Supporting the same three platforms would have enabled a developer to only reach two-thirds of the smartphones sold worldwide in the fourth quarter of 2008. Less fragmentation isn't the only positive trend - the overall pie is substantially bigger. Strategy Analytics estimates that 174 million smartphones were sold in the whole of 2009, compared with 151 million in 2008. If each smartphone has a useful life of two years, that suggests there are more than 300 million smartphones in circulation today around the world.
Big three or big four?
So, should developers be focusing on just the three leading platforms? Probably not. As Google's Android still has plenty of momentum, we could soon be looking at a big four, rather than a big three. But most developers would probably welcome that - a strong performance by Android in 2010 would help cement its position, at the expense of Windows Mobile and LiMo, as the preferred platform for any handset vendor without their own operating system.
As the smartphone market grows further and developers gain greater economies of scale, supporting four key platforms sounds manageable for even small software shops. But those four platforms will mask a lot of complexity - within the Nokia/Symbian ecosystem, there are many different devices with a wide range of capabilities. This is also becoming true of Android and even within the tightly-controlled Apple and RIM stables, not all devices are created equal.

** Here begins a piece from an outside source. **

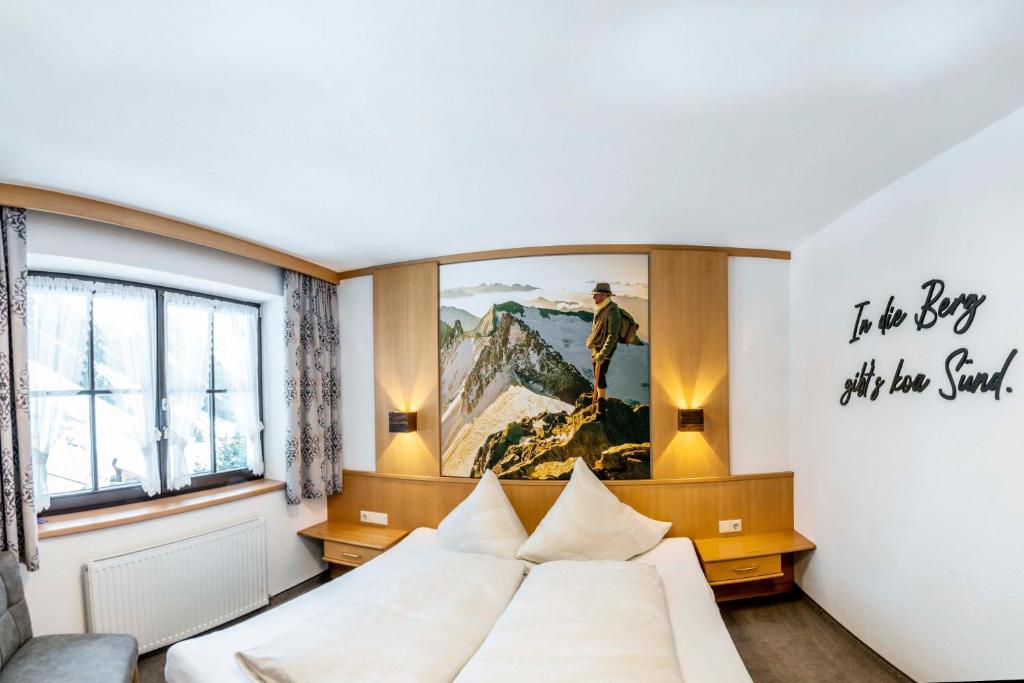 Postel nebo postele na pokoji v ubytování Almhof-Reithof Pitztal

Still, it is clear fragmentation should be less of an issue going forward, particularly if the web mark-up language HTML5 is widely-adopted, paving the way for sophisticated web apps that will be able to run in any high-end browser. Although Apple, in particular, won't want to see its grip on the apps market weakened by web standards that cut across plsatforms, healthy competition between the four leading ecosystems should ensure that HTML5 will eventually win through.





Just because the platforms dominate it doesn't mean that life is any easier for developers. Nor should it be.
It isn't easier because you can't be certain that an appliction will run on all phones with a particular platform. You can't write a single Symbian version, you have to know which handset, which version of the OS and sometimes even which operator load. We'll see application that run on an iPhone 3GS but not a 3G or iPad, and it's already starting to happen with Android too.
This is A Good Thing, because really an application should exploit a handset to the fullest, If it's got a bigger screen that should be used for more varied information; not just the same information scaled up. If it has touch it should be exploited, the same for a trackball or qwerty. Too many Blackberry applications are simple Java programs that don't even know there is a keyboard because the basic java version is written for a phone with a 12 key Bell keypad.
And beyond this remember that Smartphones are a fifth of the mobile phone market. We might think of iPhone as a huge success but apple has only sold 33million iPhones and iPod Touches combined (they have never released seperate figures). We don't know how many 2G iPhones are still in use, but if, at a generous guess we say there are 20 million iPhones in use they represent 0.5% of the global phone market.
HTML5 is all very well for pocket computers ("The device formerly known as the cellphone") but it's not the solution for the 4billion.